Under Regulation 112/2025, tax treaty benefits can be denied if a structure or transaction is mainly created to reduce, avoid, or delay tax, rather than to support real business activities. This means having the right documents alone is not enough—the tax authority will look at the real purpose and substance of the arrangement. The key focus is whether the foreign taxpayer is the beneficial owner of the income. The tax authority may also use tests like the principal purpose test, which asks if obtaining treaty benefits was a primary reason for setting up the structure. This approach targets treaty shopping, shell or conduit companies, and artificial arrangements involving third countries.

Dividend Provisions and Reduced Withholding Tax Rates

Dividend income paid by an Indonesian company to a foreign shareholder is generally subject to withholding tax under Indonesian law. However, a tax treaty may allow a lower withholding tax rate if certain conditions are met. Regulation 112/2025 makes clear that this lower rate is not automatic and can only be applied if the foreign company truly qualifies for treaty benefits.

To use the reduced dividend tax rate, a foreign shareholder must (a) meet the minimum shareholding percentage in the tax treaty and hold the shares for at least 365 days, including the dividend payment date and (b) be the real owner of the dividend income. If any condition is not met, the higher tax rate under the treaty or domestic tax rate applies. .

Permanent Establishment

Regulation 112/2025 significantly strengthens Indonesia’s approach to determining Permanent Establishment status. The regulation clarifies that activities traditionally characterized as preparatory or auxiliary are not automatically excluded from Permanent Establishment determination. Instead, DJP is authorized to assess the substance, function, and economic contribution of those activities conducted in Indonesia. 

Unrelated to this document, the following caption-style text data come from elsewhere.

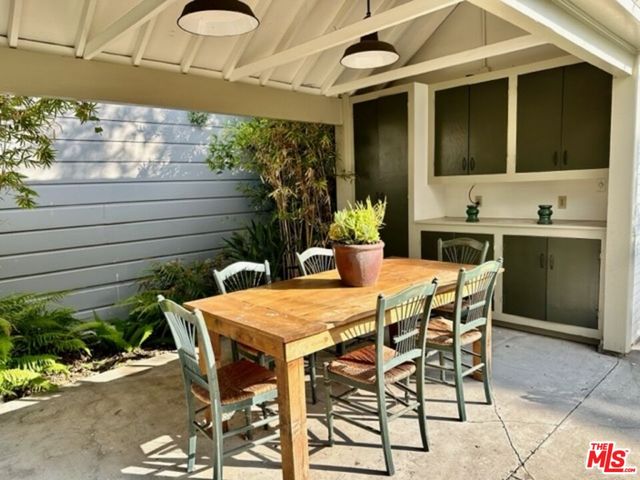 a patio with table and chairs and potted plants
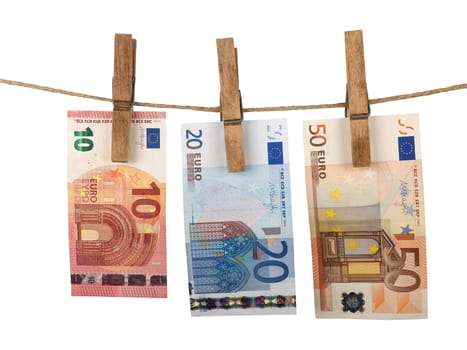 euro banknotes drying on clothesline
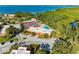 An aerial view showing tennis courts, a pool and wooded areas in the community at 9409 Catalina Dr, Bradenton, FL 34210
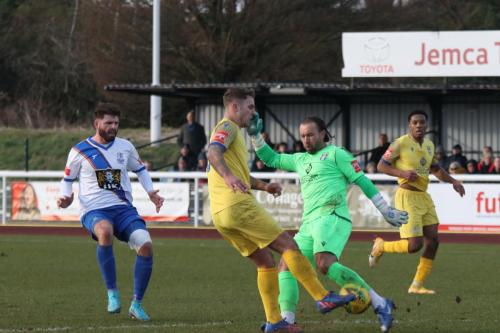 IMG 2515-Stortfords-Ryan-Henshaw-and-keeper-Jack-Giddens-both-try-to-clear-the-same-ball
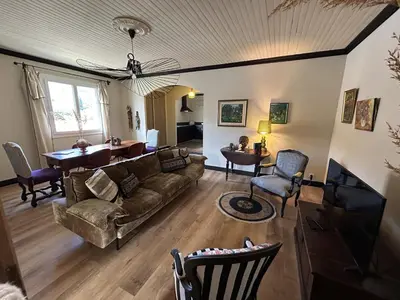 a living room with a couch and a table at Appartement de charme vue mer in Kamiesch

Certain activities may give rise to a Permanent Establishment where they play a meaningful role in income generation, support or are closely linked to the enterprise’s core business, or constitute an integral part of the group’s overall value creation process. The focus shifts from the formal classification of activities to their commercial significance within the business model.  

Regulation 112/2025 allows the tax authority to consider related business activities together, even if separated, when they aim to avoid creating a Permanent Establishment. Arrangements involving agents will be closely reviewed, especially if they frequently sign contracts or play a key role in their approval. This rule focuses on actual activities, not just contract terms, and aligns with international standards for preventing artificial Permanent Establishment avoidance..

Author’s Remarks 

Regulation 112/2025 confirms Indonesia’s shift toward a substance-based approach in applying tax treaties. Tax treaty benefits are no longer based only on formal documents, but on real business purpose, economic activity, and value creation. Taxpayers and withholding agents should carefully review their structures and transactions to ensure they reflect genuine commercial substance and comply with treaty intent.